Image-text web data
···

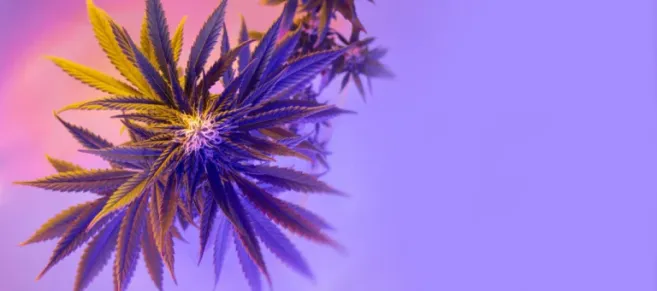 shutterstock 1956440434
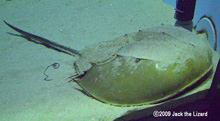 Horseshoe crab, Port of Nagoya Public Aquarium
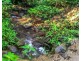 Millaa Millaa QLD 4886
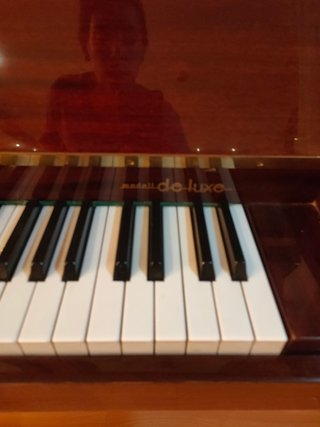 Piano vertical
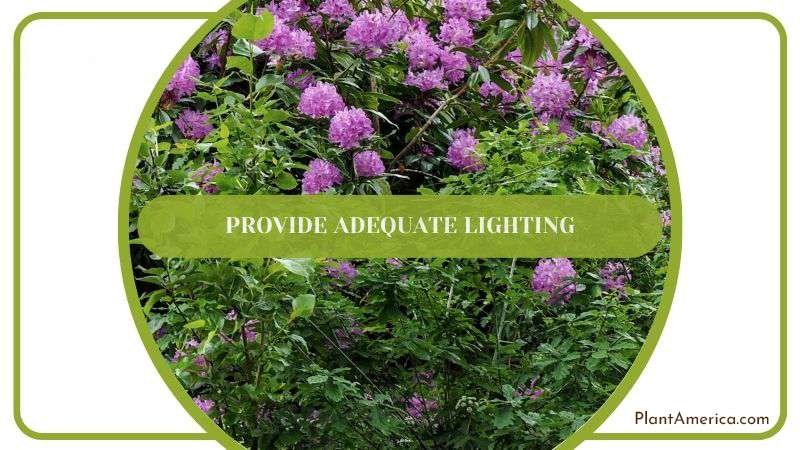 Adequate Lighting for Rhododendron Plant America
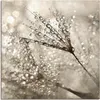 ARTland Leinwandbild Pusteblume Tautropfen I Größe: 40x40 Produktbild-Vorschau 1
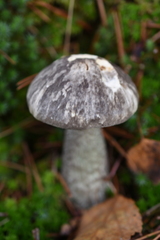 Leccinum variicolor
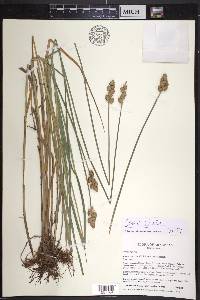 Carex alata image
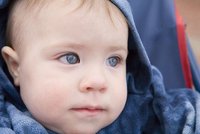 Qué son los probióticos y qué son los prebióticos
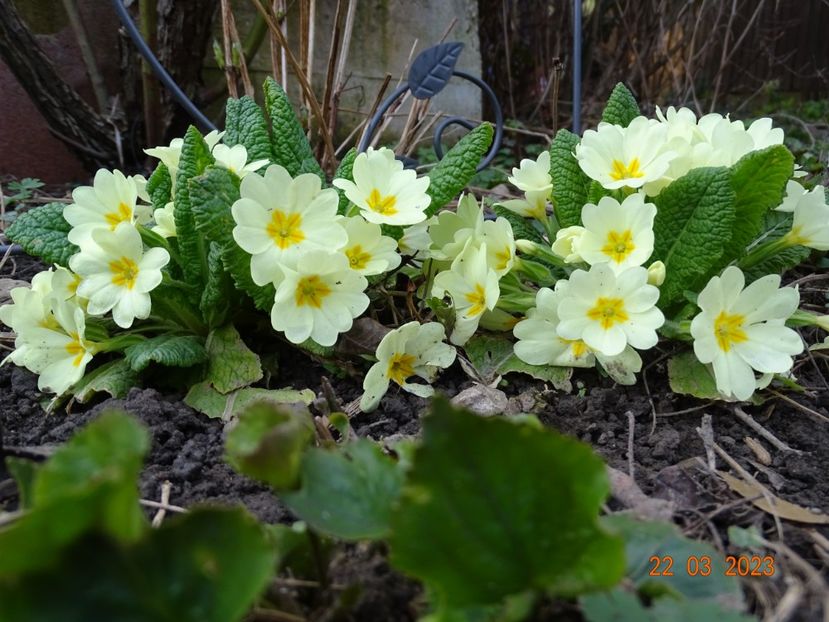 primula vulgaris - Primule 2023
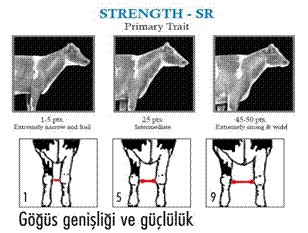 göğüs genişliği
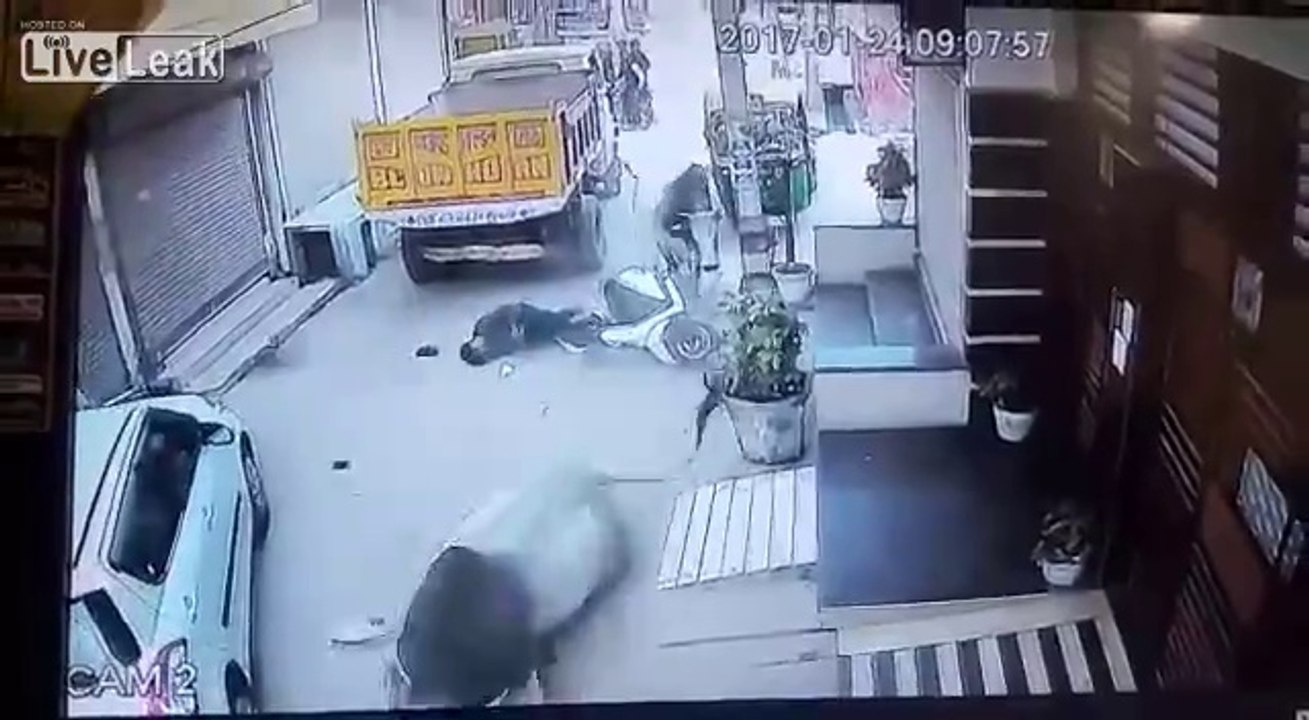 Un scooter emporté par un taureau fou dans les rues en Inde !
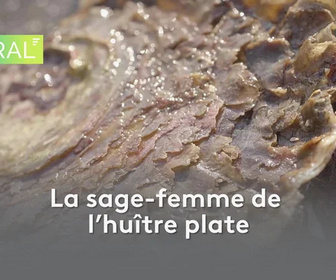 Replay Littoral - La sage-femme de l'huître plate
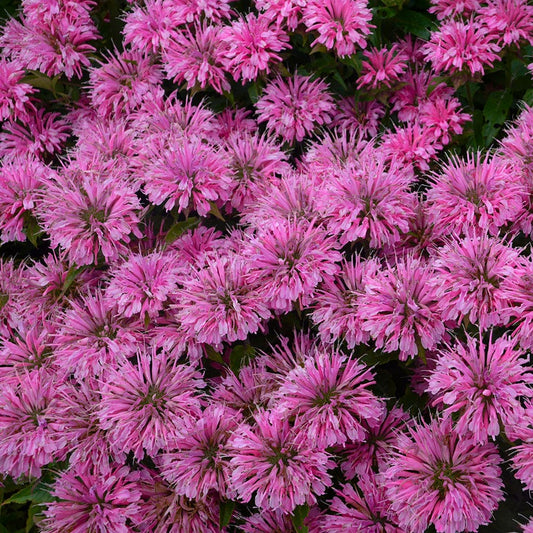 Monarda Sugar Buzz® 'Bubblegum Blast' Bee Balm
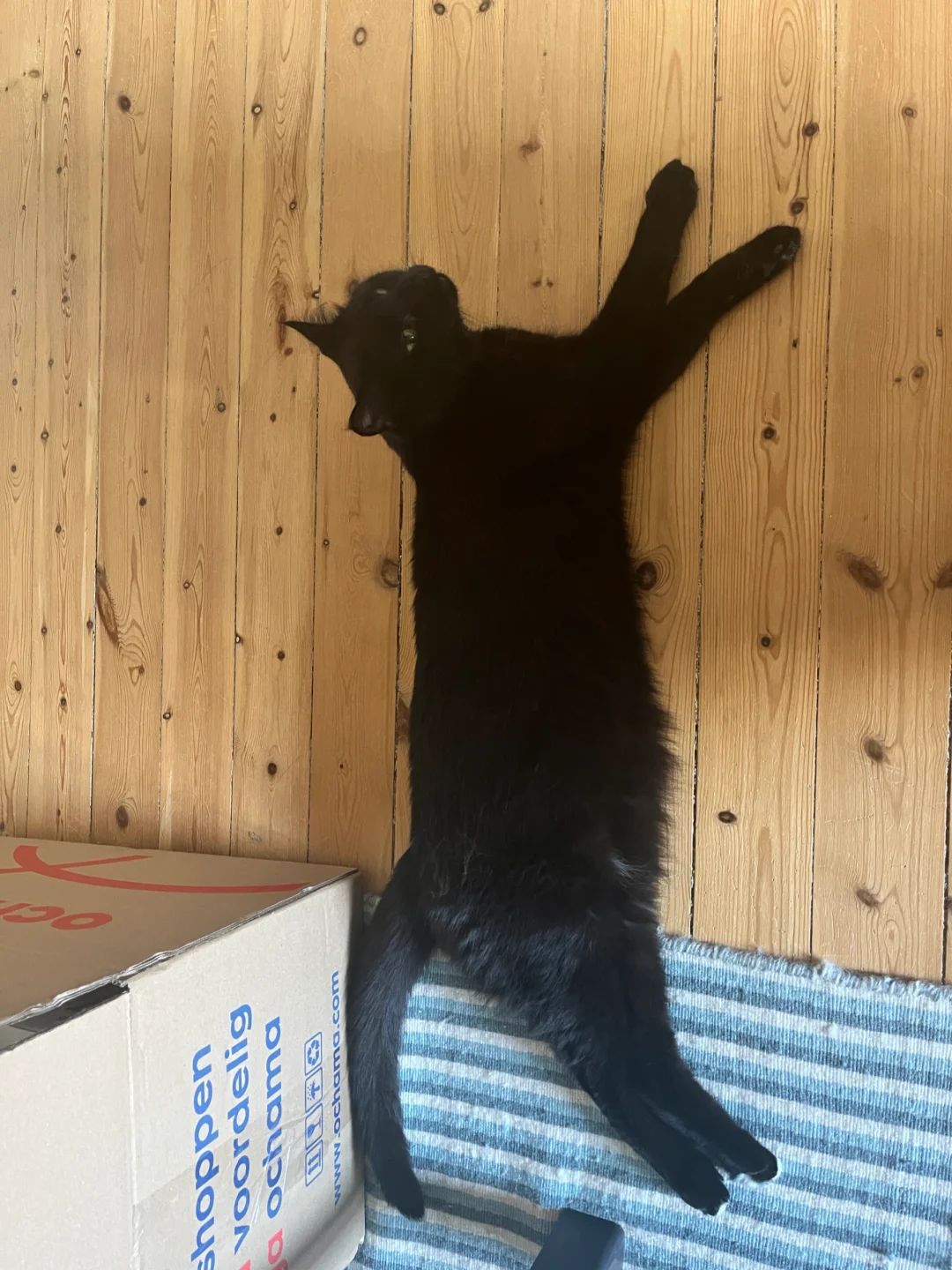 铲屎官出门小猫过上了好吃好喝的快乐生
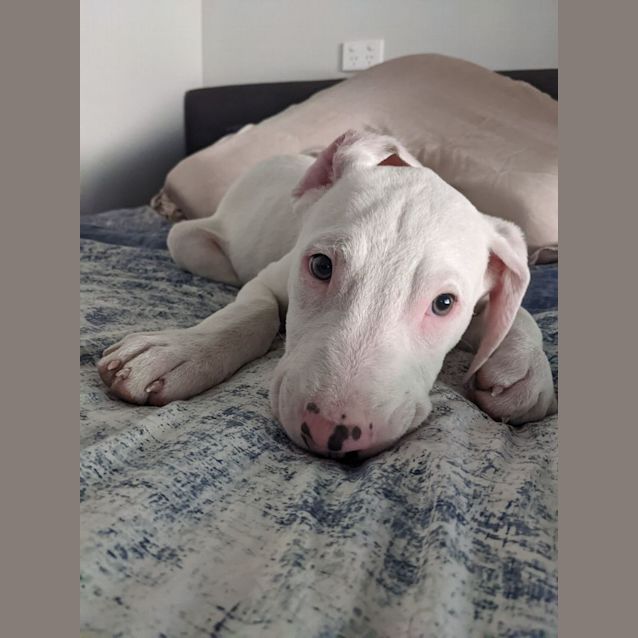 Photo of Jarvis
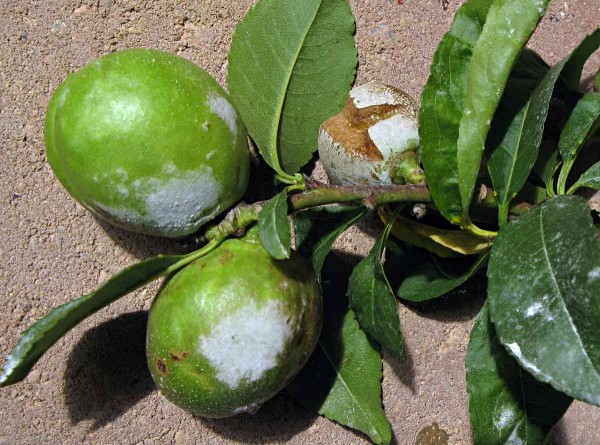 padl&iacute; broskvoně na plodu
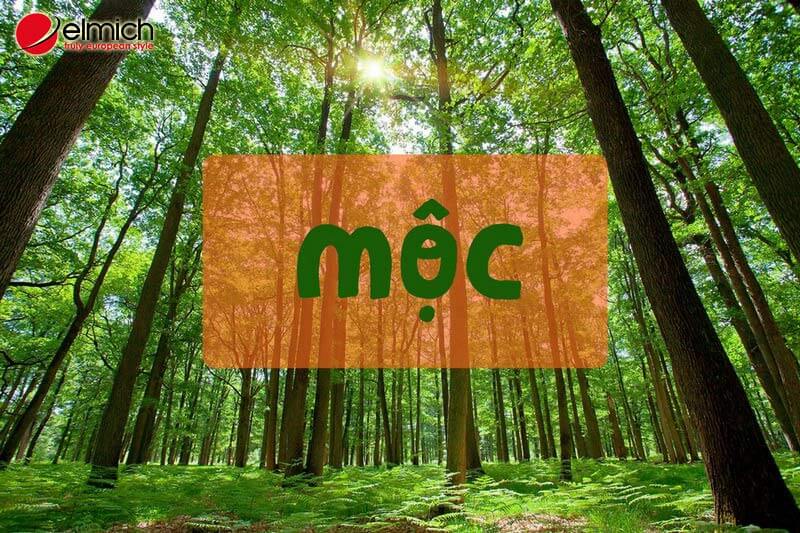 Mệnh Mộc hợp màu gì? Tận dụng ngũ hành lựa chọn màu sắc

···

▶ **Task details**
Skip the pictures and retype exactly the lines from the one that contains "Replay Littoral - La" to the last line of the records.

▶ **Output for this exercise**
 Replay Littoral - La sage-femme de l'huître plate
 Monarda Sugar Buzz® 'Bubblegum Blast' Bee Balm
 铲屎官出门小猫过上了好吃好喝的快乐生
 Photo of Jarvis
 padl&iacute; broskvoně na plodu
 Mệnh Mộc hợp màu gì? Tận dụng ngũ hành lựa chọn màu sắc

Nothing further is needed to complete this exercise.